Por HERMANN TERTSCH
El País, Estambul,
21.04.97
La connivencia entre política y mafia paraliza al Estado
turco ante el avance de los islamistas
La práctica de la tortura en las comisarías de Turquía es
sistemática y generalizada y la democracia turca no ha tenido nunca capacidad o
voluntad para poner coto a esta lacra que tanto perjudica a la imagen exterior
y la credibilidad de este Estado. Lo han denunciado organismos internacionales
y organizaciones no gubernamentales turcas y lo han reconocido miembros del
propio Gobierno turco, aunque siempre con matices. Los últimos gobiernos
turcos no han podido despachar ya estas denuncias como propaganda antiturca. Y
ha habido ministros, especialmente en el Gobierno anterior al actual de mayoría
islamista, que han reconocido que si algo perjudica a Turquía en sus
aspiraciones de integración en Europa no es la denuncia de las torturas sino su
existencia. Sin embargo, sí parece claro que el Gobierno y por extensión la
clase política turca se divide entre quienes tienen voluntad de impedir la
tortura pero carecen de poder para hacerlo y quienes podrían ejercer algún
poder efectivo para hacer frente a esta violación cotidiana de las leyes turcas
en comisarías pero temen enfrentarse a una policía a la que muchos de ellos
están unidos por un tupido entramado de intereses. Es así como las denuncias
contra la tortura, que con el caso Götkepe tienen por primera vez un amplio eco
en la sociedad turca, desembocan en un debate mucho más amplio -y peligroso
para ciertos sectores de la clase política- sobre la existencia de una inmensa
trama mafiosa en el Estado turco.
En ella están implicadas las direcciones de los partidos
tradicionales, la policía, las mafias del narcotráfico, del juego, el lavado de
dinero y de la industria del secuestro, y la ultraderecha, cuyo principal brazo
armado, los lobos grises, hacen de elemento integrador entre las
partes. Utilizando en gran parte la estructura civil de defensa, Gladio, creada
durante la guerra fría -cuya existencia desató un grave escándalo político en
Italia hace unos años-, este estado mafioso en el seno del Estado turco se ha
convertido en una inmensa y floreciente industria.

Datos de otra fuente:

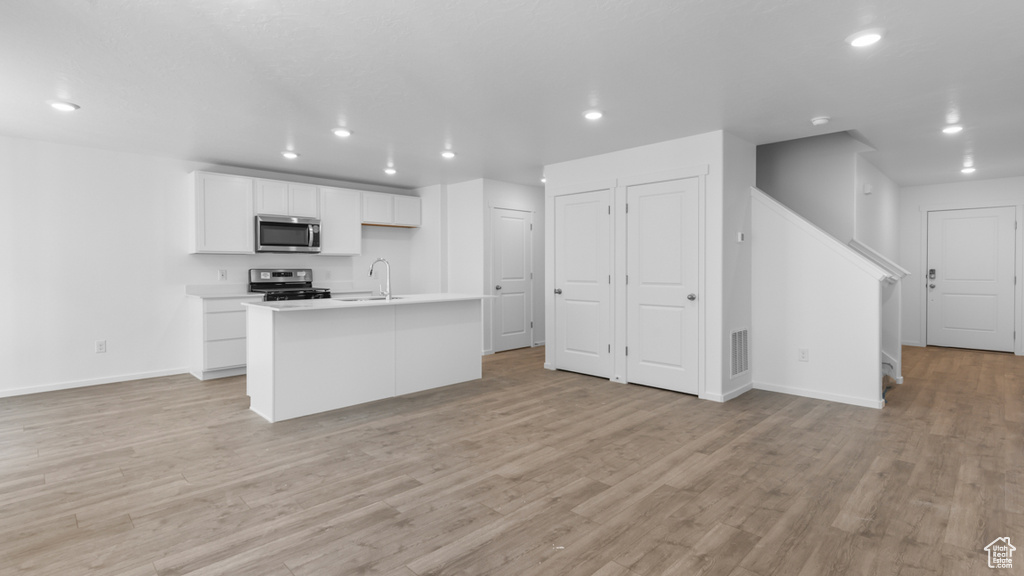 Kitchen featuring appliances with stainless steel finishes, white cabinetry, recessed lighting, baseboards, and a center island with sink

Pero sus miembros y miles de
beneficiarios saben muy bien que su prosperidad depende de su cohesión interna
y que abandonar hoy a la policía en su lucha por el derecho a seguir torturando
impunemente puede suponer que mañana jefes de policía declaren lo que saben
sobre los métodos con los que se han creado impresionantes fortunas en los
últimos años, entre ellas la de la ex primera ministra Tansu Çiller, hoy
ministra de Asuntos Exteriores y dirigente del partido minoritario en la
coalición con los islamistas de Erbakan.
Los negocios de Çiller y su marido son, para muchos políticos
y observadores consultados en Estambul y Ankara, la clave para entender por qué
Çiller ha hecho posible este Gobierno que está claramente en conflicto con las
alianzas internacionales y los intereses generales de Turquía en su integración
en Occidente. La mayoría parlamentaria de islamistas y del partido de Çiller ha
puesto fin sin mayores problemas a las comisiones de investigación sobre la
corrupción de la ministra y su marido.
Çiller ha reconocido en varias ocasiones la existencia
generalizada de tortura y ha llegado a pedir a la policía que se deshaga de su
instrumental de tortura, existente en todas las comisarías. Nadie cree sin
embargo que Çiller, ni antes en la jefatura del Gobierno ni hoy como
viceprimera ministra, vaya a ir más allá, ya que es ella la que más tiene que
temer que se rompa la referida solidaridad o ley del silencio en el seno del
Estado.
La policía turca fundamenta su posición de fuerza en la
sociedad ante todo en el miedo al terrorismo. En el seno del Estado se ha
convertido ya en una fuerza autónoma gracias a su protagonismo en esta red
formada por las fuerzas especiales antiterroristas, el narcotráfico, la
corrupción política y la extrema derecha.